» **Data for this exercise**
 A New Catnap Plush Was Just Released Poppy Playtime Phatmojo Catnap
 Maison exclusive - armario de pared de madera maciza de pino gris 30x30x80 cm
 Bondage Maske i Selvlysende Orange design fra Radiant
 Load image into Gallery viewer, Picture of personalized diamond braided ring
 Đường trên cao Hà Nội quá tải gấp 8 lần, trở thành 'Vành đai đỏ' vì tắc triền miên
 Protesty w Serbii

...

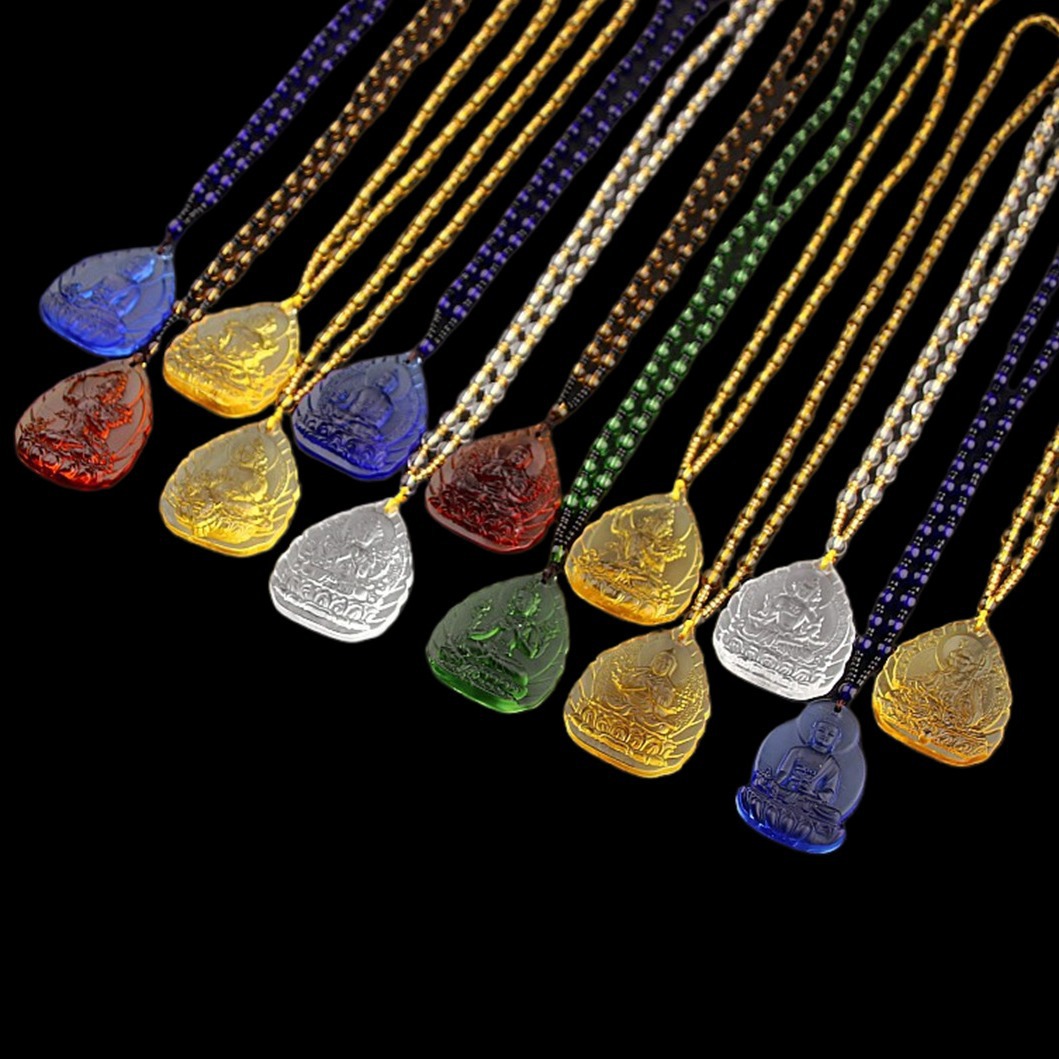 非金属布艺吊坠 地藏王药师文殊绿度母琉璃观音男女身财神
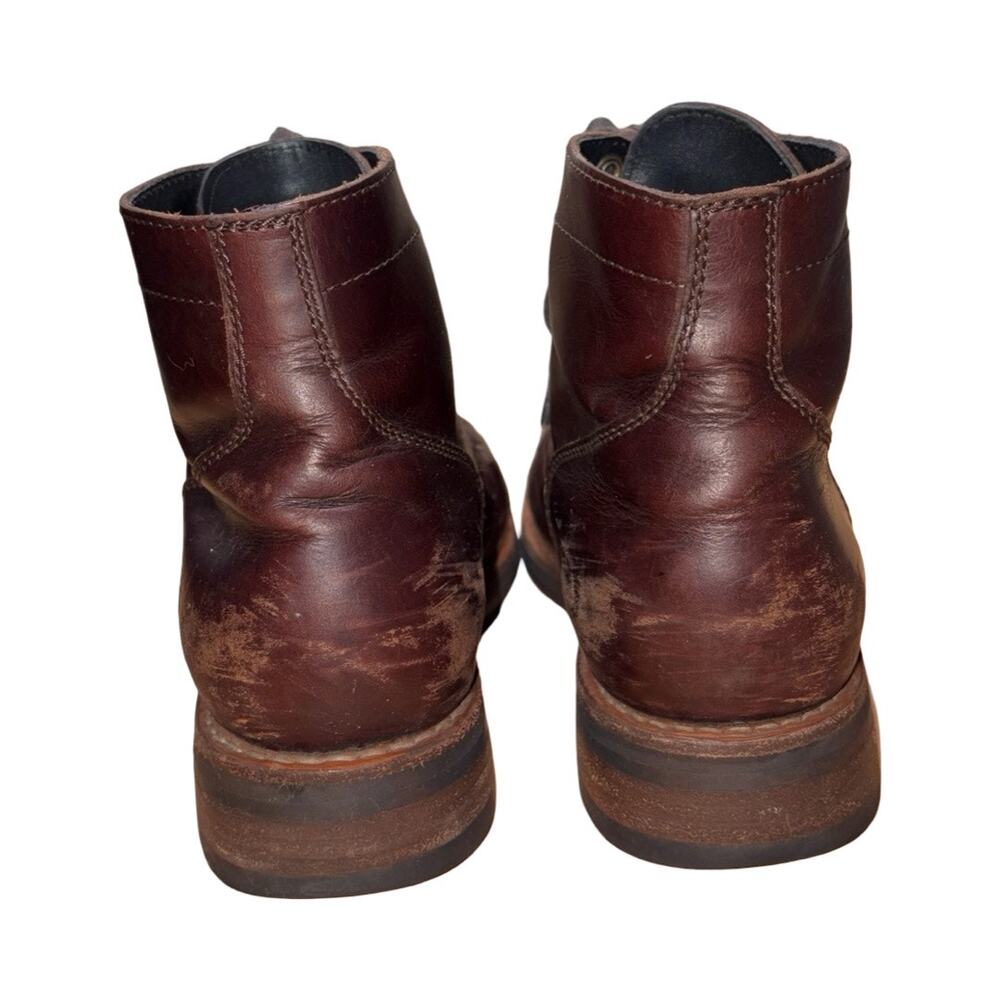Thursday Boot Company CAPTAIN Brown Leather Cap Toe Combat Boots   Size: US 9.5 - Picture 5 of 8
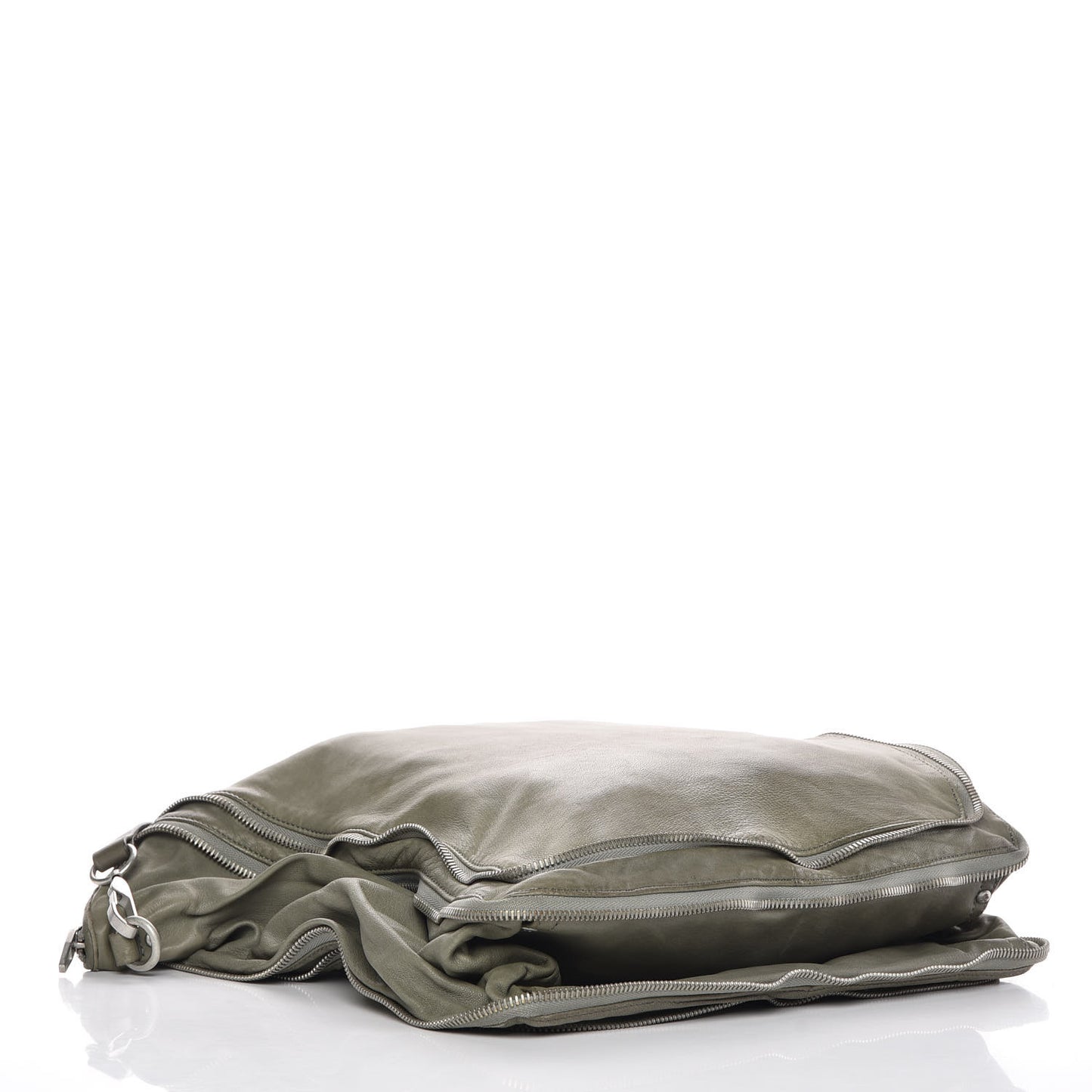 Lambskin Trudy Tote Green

» **Task statement**
From the entries above, print the lines beginning at the one with "A New Catnap" and stopping after the one with "Protesty w Serbii", exactly as written and with nothing else.

» **Exercise output**
 A New Catnap Plush Was Just Released Poppy Playtime Phatmojo Catnap
 Maison exclusive - armario de pared de madera maciza de pino gris 30x30x80 cm
 Bondage Maske i Selvlysende Orange design fra Radiant
 Load image into Gallery viewer, Picture of personalized diamond braided ring
 Đường trên cao Hà Nội quá tải gấp 8 lần, trở thành 'Vành đai đỏ' vì tắc triền miên
 Protesty w Serbii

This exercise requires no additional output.